Work to be completed: Pictures excluded, output the lines of the data below between the one holding "Welcome to today's" and the one holding "There are two", inclusive, exactly as they stand.

Input:
^^^^^^^^

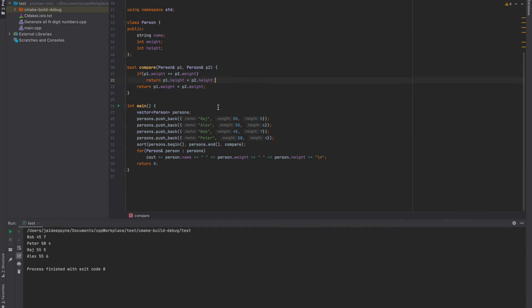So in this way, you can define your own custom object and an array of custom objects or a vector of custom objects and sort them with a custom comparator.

^^^^^^^^

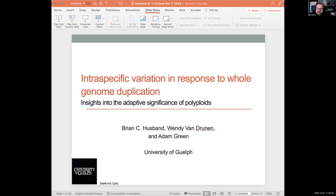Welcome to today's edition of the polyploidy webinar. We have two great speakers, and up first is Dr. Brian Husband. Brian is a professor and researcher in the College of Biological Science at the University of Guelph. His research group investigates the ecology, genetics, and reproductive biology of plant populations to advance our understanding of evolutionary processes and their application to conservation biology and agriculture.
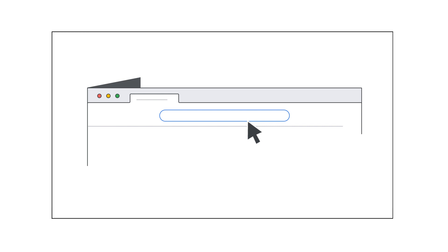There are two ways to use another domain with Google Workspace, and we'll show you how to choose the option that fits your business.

^^^^^^^^

Result:
Welcome to today's edition of the polyploidy webinar. We have two great speakers, and up first is Dr. Brian Husband. Brian is a professor and researcher in the College of Biological Science at the University of Guelph. His research group investigates the ecology, genetics, and reproductive biology of plant populations to advance our understanding of evolutionary processes and their application to conservation biology and agriculture.
There are two ways to use another domain with Google Workspace, and we'll show you how to choose the option that fits your business.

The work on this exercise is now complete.